- **What is expected**
Each record needs to be retyped exactly, though its pictures should not appear.

(Image-text web data)
——————————

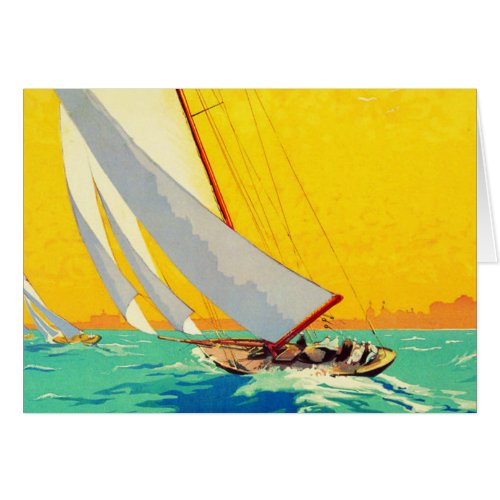 Vintage Sail Boats French Travel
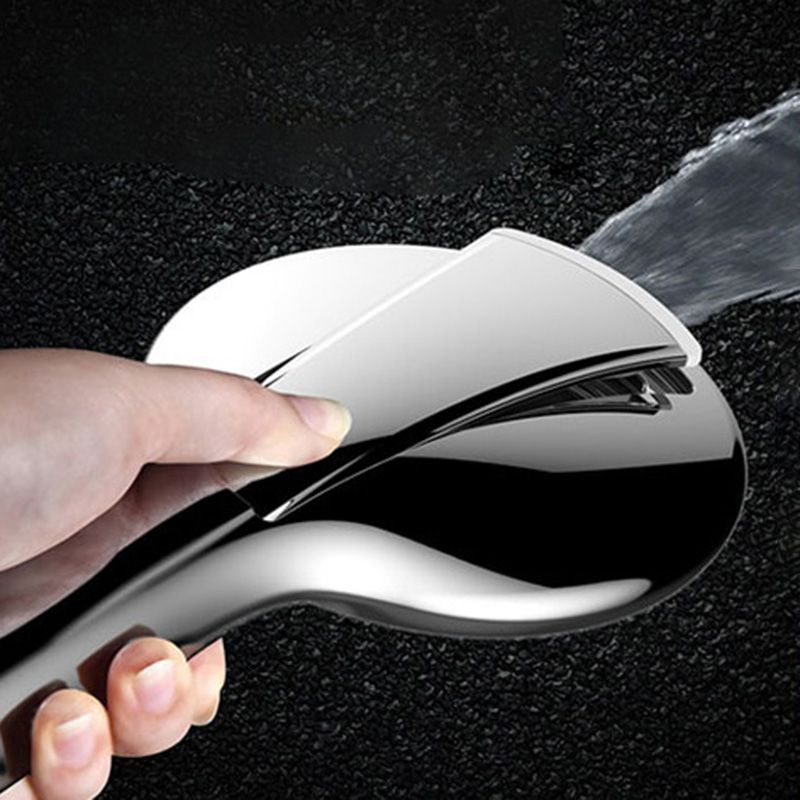 Modern Metal Handheld Shower Head Home Adjustable Spray Pattern Hand Shower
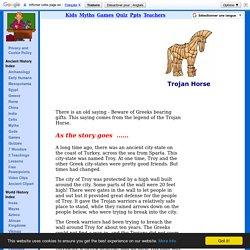 Legend of the Trojan War for Kids (Beware of Greeks Bearing Gifts) - Ancient Greece for Kids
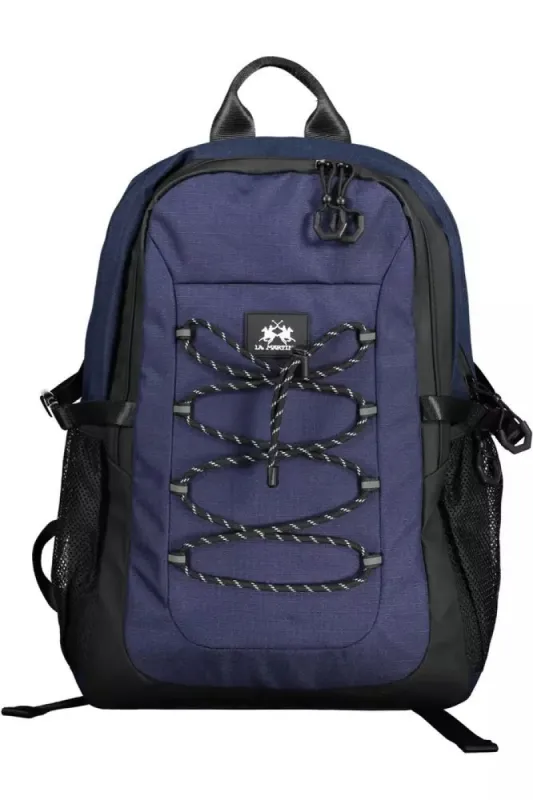 Blue Polyester Men Backpack sold by Louxly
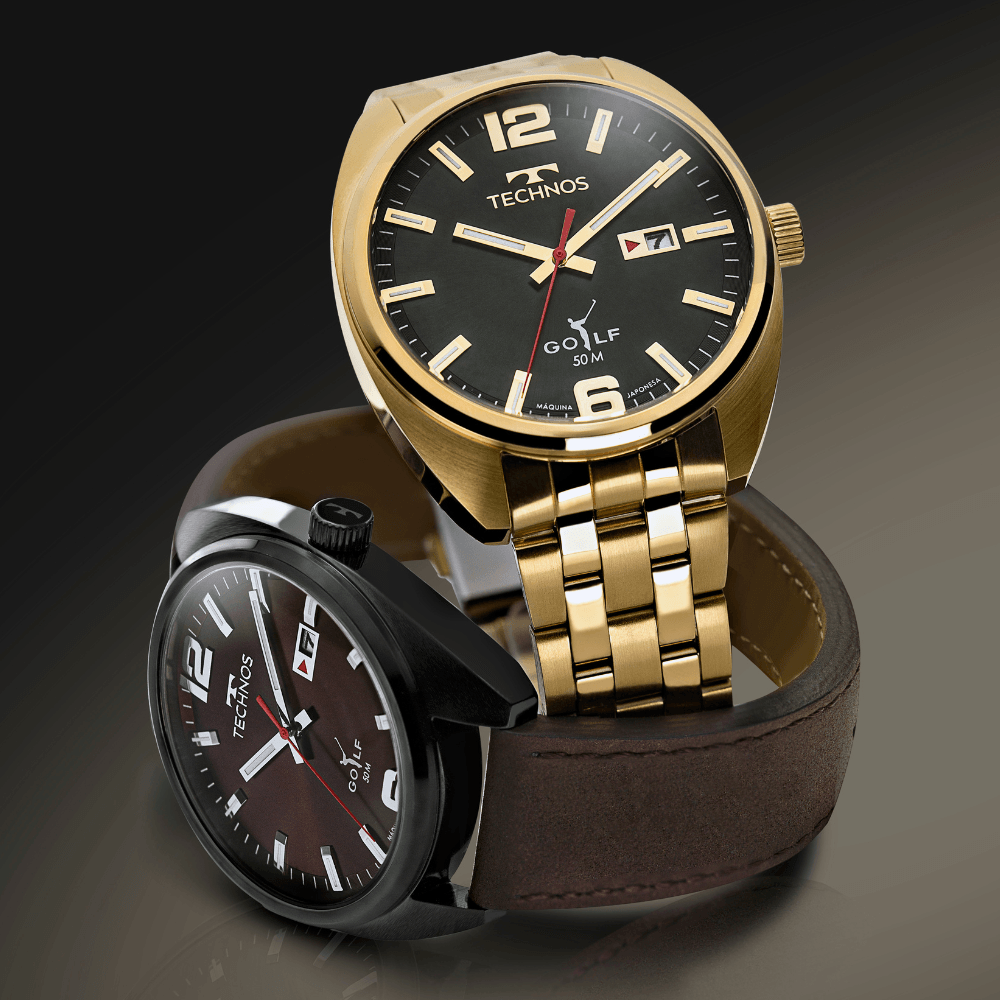 Relógio Technos Masculino Golf Grafite - 2315LAQ/0M Cinza 4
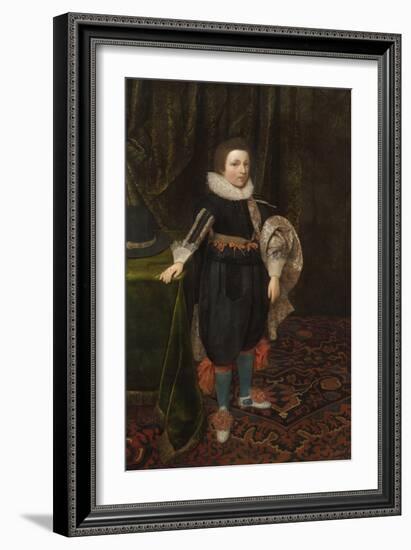 Portrait of a Boy, Early to Mid 1620s-Daniel Mytens-Framed Giclee Print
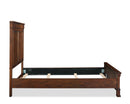 New Classic Furniture Providence Queen Panel Bed in Dark Oak - Golden Linens & Furniture (PA)*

——————————

- **Answer to this exercise**
 Vintage Sail Boats French Travel
 Modern Metal Handheld Shower Head Home Adjustable Spray Pattern Hand Shower
 Legend of the Trojan War for Kids (Beware of Greeks Bearing Gifts) - Ancient Greece for Kids
 Blue Polyester Men Backpack sold by Louxly
 Relógio Technos Masculino Golf Grafite - 2315LAQ/0M Cinza 4
 Portrait of a Boy, Early to Mid 1620s-Daniel Mytens-Framed Giclee Print
 New Classic Furniture Providence Queen Panel Bed in Dark Oak - Golden Linens & Furniture (PA)*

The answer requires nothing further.